Thursday, October 24, 2019
MRI
Went by myself yesterday to get my MRI that I had scheduled but them also needed because my mammogram showed something. This week and the last 2 weeks have been CRAZY. I got stuck in an airport on the way back from this job and it was nuts. There was a state of emergency and they closed the airport. No flights in or out and no one working in the airport. It was fucking nuts. We all had to stay together and you know what I am not even going to get into it. I slept on a hard bench and I was SO PROUD of myself!
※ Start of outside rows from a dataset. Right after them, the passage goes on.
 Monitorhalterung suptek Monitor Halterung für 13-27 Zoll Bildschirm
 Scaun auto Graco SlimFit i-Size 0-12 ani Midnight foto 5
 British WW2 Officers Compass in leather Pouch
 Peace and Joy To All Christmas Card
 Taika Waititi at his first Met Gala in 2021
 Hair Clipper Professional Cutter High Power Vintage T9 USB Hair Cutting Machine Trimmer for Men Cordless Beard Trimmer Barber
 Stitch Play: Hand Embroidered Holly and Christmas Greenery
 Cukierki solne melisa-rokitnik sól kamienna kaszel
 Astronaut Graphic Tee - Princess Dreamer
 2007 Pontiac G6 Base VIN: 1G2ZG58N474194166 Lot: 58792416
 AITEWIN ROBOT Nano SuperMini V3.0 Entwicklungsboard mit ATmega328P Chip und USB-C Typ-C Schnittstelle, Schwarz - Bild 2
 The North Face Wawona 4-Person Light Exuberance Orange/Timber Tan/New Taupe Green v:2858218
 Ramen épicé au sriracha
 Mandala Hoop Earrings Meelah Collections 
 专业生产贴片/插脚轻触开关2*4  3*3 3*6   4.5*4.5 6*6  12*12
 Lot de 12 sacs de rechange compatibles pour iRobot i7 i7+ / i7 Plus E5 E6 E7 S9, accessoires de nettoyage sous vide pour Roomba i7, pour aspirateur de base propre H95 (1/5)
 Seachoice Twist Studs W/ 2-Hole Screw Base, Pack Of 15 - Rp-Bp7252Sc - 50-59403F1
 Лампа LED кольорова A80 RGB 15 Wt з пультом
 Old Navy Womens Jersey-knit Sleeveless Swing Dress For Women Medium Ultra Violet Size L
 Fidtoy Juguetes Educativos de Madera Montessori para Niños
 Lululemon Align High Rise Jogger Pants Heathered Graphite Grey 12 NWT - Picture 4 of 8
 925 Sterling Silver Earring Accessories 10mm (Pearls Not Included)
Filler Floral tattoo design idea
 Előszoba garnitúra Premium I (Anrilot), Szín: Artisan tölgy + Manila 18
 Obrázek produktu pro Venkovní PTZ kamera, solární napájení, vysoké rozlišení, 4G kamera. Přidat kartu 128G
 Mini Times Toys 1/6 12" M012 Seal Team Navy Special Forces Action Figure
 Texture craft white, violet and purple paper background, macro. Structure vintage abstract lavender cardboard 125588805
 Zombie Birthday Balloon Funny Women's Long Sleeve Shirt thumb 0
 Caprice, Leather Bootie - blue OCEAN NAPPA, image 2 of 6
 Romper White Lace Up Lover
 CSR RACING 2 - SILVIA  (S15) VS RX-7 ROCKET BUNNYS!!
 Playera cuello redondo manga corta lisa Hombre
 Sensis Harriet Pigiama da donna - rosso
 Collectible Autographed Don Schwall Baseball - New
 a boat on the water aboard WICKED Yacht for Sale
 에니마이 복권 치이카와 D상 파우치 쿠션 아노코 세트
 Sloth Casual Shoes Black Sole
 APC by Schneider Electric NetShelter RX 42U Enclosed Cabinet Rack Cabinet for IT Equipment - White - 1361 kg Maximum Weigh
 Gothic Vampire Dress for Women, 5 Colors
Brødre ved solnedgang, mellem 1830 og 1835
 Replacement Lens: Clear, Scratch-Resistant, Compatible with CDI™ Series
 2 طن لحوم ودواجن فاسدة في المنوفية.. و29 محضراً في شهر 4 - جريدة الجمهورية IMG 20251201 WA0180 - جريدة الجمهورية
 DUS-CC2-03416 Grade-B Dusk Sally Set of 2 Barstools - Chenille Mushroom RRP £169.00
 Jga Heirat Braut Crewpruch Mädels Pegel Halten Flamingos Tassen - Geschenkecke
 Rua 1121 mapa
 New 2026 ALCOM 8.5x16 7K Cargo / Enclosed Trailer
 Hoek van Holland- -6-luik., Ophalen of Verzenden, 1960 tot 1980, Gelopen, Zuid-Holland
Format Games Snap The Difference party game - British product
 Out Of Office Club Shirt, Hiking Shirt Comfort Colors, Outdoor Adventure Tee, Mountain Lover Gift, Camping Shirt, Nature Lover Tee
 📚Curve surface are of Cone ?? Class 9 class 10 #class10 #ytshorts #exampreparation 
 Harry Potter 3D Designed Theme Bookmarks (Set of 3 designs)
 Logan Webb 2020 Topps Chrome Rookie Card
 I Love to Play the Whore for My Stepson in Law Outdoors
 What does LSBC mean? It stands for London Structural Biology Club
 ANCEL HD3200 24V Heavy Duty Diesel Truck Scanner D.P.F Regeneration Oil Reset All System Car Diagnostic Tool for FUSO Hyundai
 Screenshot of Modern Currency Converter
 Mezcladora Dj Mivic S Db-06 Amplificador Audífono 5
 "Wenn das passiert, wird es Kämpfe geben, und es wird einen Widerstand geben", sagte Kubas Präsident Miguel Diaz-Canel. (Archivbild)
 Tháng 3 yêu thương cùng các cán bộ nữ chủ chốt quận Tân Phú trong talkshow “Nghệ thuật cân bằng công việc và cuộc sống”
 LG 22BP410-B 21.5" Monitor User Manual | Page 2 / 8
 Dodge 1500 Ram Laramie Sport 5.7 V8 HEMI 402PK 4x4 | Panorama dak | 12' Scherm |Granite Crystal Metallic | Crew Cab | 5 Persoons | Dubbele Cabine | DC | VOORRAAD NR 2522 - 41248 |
I was a fucking trooper. Anyway I just got an email from the Dr. well I don't know - I got the report. I don't think I was supposed to but I did and unless I am reading it incorrectly I am okay. FUCK. FUCKING FUUUUUUCK. I just cried for 5 minutes. My holistic doctor says I will have certainty....that I will be able to be certain I am okay and although I have done so much to be okay I still wasn't sure. Plus they scared me at the mammogram. Anyway thank God. I am crying again. I don't want to cut my boobs off and I don't want to take a pill that is going to make me sick. I just don't okay? I don't want to and it's okay that I don't want to. Fuck I am really crying. God this has all been so intense. Anyway I also thought I was going to get fired from my job because I went to this other country and then got trapped in an airport that was closed for a state of emergency and that was SO CRAZY. Anyway they didn't fire me although I was late today and I felt like they were going to although the other night the mom said she wasn't going to she promised. COULD I BE MORE STRESSED OUT!? I guess so if I had my own kids. I don't think I am making a lot of sense and now I have to wake up at 4:30 to bring my guy to get his own test done. I am exhausted. Who knew I could do any of this? I did not know. God please help me to continue to be strong, be grateful and grow. Get out of my own way and trust. Love you Bluebie bye.